TDR and VRAM lost handling in KMD (v2)

Thu Oct 12 09:44:42 UTC 2017

On 12.10.2017 11:35, Michel Dänzer wrote:
> On 12/10/17 11:23 AM, Christian König wrote:
>> Am 12.10.2017 um 11:10 schrieb Nicolai Hähnle:
>>> On 12.10.2017 10:49, Christian König wrote:
>>>>> However, !guilty && ctx->reset_counter != adev->reset_counter does
>>>>> not imply that the context was lost.
>>>>>
>>>>> The way I understand it, we should return AMDGPU_CTX_INNOCENT_RESET
>>>>> if !guilty && ctx->vram_lost_counter != adev->vram_lost_counter.
>>>>>
>>>>> As far as I understand it, the case of !guilty && ctx->reset_counter
>>>>> != adev->reset_counter && ctx->vram_lost_counter ==
>>>>> adev->vram_lost_counter should return AMDGPU_CTX_NO_RESET, because a
>>>>> GPU reset occurred, but it didn't affect our context.
>>>> I disagree on that.
>>>>
>>>> AMDGPU_CTX_INNOCENT_RESET just means what it does currently, there
>>>> was a reset but we haven't been causing it.
>>>>
>>>> That the OpenGL extension is specified otherwise is unfortunate, but
>>>> I think we shouldn't use that for the kernel interface here.
>>> Two counterpoints:
>>>
>>> 1. Why should any application care that there was a reset while it was
>>> idle? The OpenGL behavior is what makes sense.
>>
>> The application is certainly not interest if a reset happened or not,
>> but I though that the driver stack might be.
>>
>>>
>>> 2. AMDGPU_CTX_INNOCENT_RESET doesn't actually mean anything today
>>> because we never return it :)
>>>
>>
>> Good point.
>>
>>> amdgpu_ctx_query only ever returns AMDGPU_CTX_UNKNOWN_RESET, which is
>>> in line with the OpenGL spec: we're conservatively returning that a
>>> reset happened because we don't know whether the context was affected,
>>> and we return UNKNOWN because we also don't know whether the context
>>> was guilty or not.
>>>
>>> Returning AMDGPU_CTX_NO_RESET in the case of !guilty &&
>>> ctx->vram_lost_counter == adev->vram_lost_counter is simply a
>>> refinement and improvement of the current, overly conservative behavior.
>>
>> Ok let's reenumerate what I think the different return values should mean:
>>
>> * AMDGPU_CTX_GUILTY_RESET
>>
>> guilty is set to true for this context.
>>
>> * AMDGPU_CTX_INNOCENT_RESET
>>
>> guilty is not set and vram_lost_counter has changed.
>>
>> * AMDGPU_CTX_UNKNOWN_RESET
>>
>> guilty is not set and vram_lost_counter has not changed, but
>> gpu_reset_counter has changed.
> 
> I don't understand the distinction you're proposing between
> AMDGPU_CTX_INNOCENT_RESET and AMDGPU_CTX_UNKNOWN_RESET. I think both
> cases you're describing should return either AMDGPU_CTX_INNOCENT_RESET,
> if the value of guilty is reliable, or AMDGPU_CTX_UNKNOWN_RESET if it's not.

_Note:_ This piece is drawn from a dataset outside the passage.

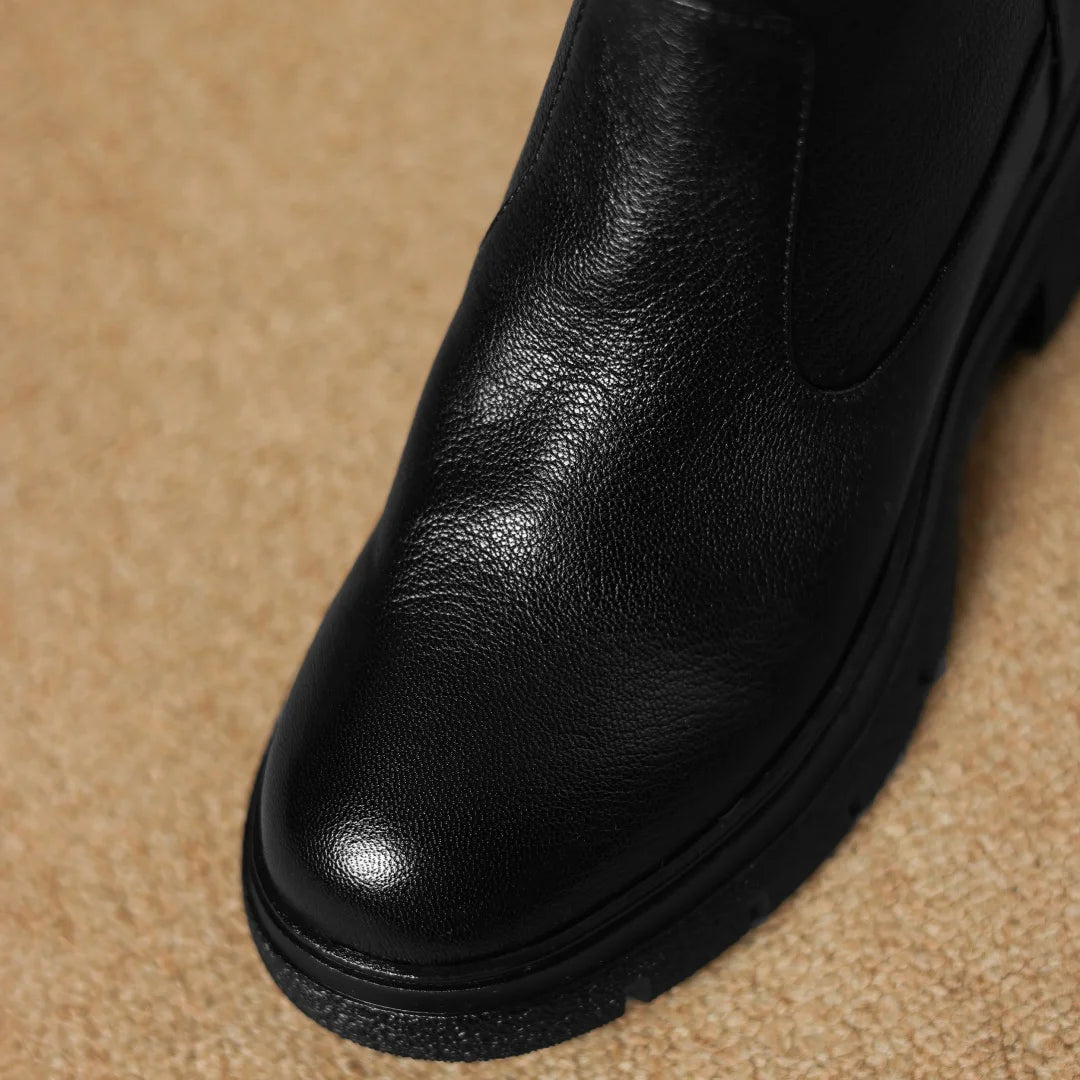 Women’s Genuine Sheepskin Ankle Boots with Side Zip – Round Toe, Soft Comfort, Thick Sole Casual Boots for Autumn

I think it'd make more sense if it was called "AMDGPU_CTX_UNAFFECTED_RESET".

So:
- AMDGPU_CTX_GUILTY_RESET --> the context was affected by a reset, and 
we know that it's the context's fault
- AMDGPU_CTX_INNOCENT_RESET --> the context was affected by a reset, and 
we know that it *wasn't* the context's fault (no context job active)
- AMDGPU_CTX_UNKNOWN_RESET --> the context was affected by a reset, and 
we don't know who's responsible (this could be returned in the unlikely 
case where context A's gfx job has not yet finished, but context B's gfx 
job has already started; it could be the fault of A, it could be the 
fault of B -- which somehow manages to hang a part of the hardware that 
then prevents A's job from finishing -- or it could be both; but it's a 
bit academic)
- AMDGPU_CTX_UNAFFECTED_RESET --> there was a reset, but this context 
wasn't affected

This last value would currently just be discarded by Mesa (because we 
should only disturb applications when we have to), but perhaps somebody 
else could find it useful?

Cheers,
Nicolai